* _Problem requirements_
From the entries below, write out exactly the lines between the line holding "Arize API Keys page" and the line holding "Scandinavian style interior", inclusive, excluding any pictures.

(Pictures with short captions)
○ ○ ○
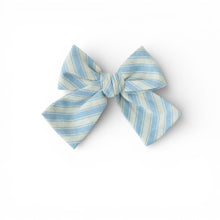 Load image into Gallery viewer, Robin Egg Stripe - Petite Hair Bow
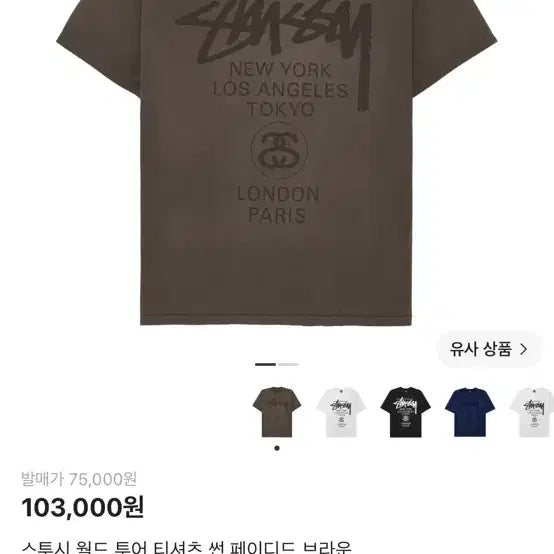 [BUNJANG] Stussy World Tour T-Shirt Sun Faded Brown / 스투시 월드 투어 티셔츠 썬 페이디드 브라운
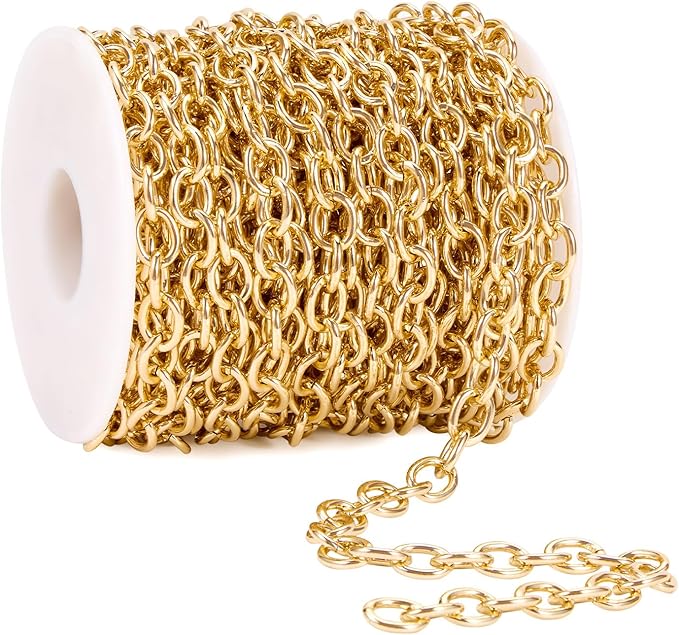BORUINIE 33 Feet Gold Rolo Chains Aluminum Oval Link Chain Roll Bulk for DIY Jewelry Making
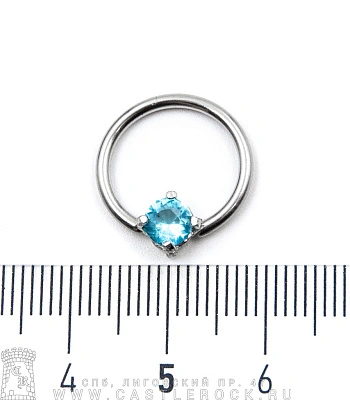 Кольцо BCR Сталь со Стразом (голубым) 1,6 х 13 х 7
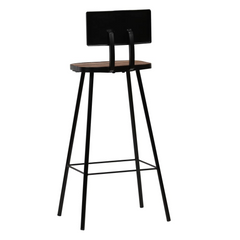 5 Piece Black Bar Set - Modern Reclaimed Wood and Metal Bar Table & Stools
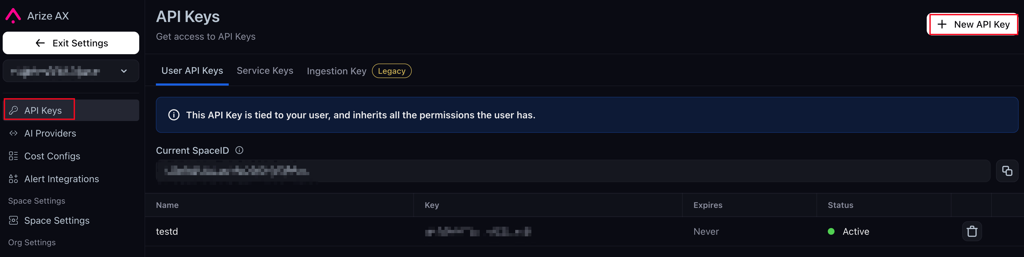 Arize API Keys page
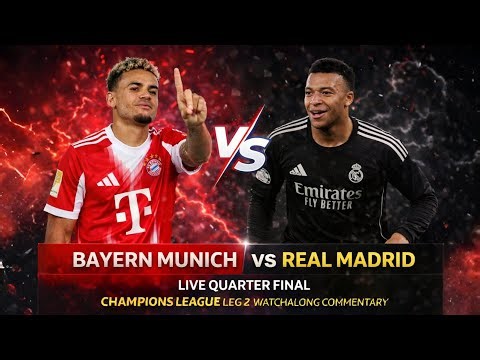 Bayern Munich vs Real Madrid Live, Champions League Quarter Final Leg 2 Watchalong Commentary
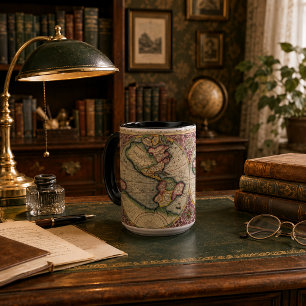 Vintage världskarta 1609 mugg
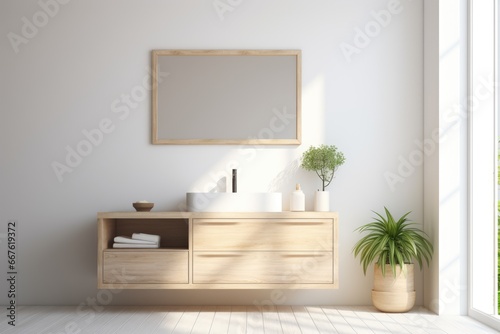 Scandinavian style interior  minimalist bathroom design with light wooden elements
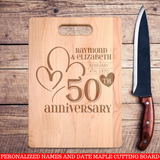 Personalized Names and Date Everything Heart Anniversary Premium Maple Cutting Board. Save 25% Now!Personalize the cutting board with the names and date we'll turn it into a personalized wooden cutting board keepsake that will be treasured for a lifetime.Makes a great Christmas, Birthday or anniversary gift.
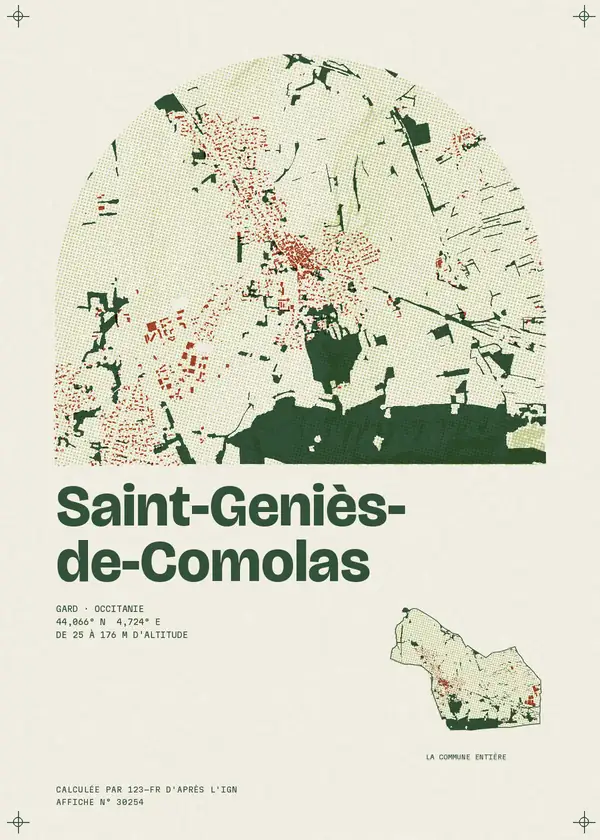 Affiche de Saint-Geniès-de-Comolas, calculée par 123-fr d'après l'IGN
○ ○ ○
* _Solution to the exercise_
 Arize API Keys page
 Bayern Munich vs Real Madrid Live, Champions League Quarter Final Leg 2 Watchalong Commentary
 Vintage världskarta 1609 mugg
 Scandinavian style interior  minimalist bathroom design with light wooden elements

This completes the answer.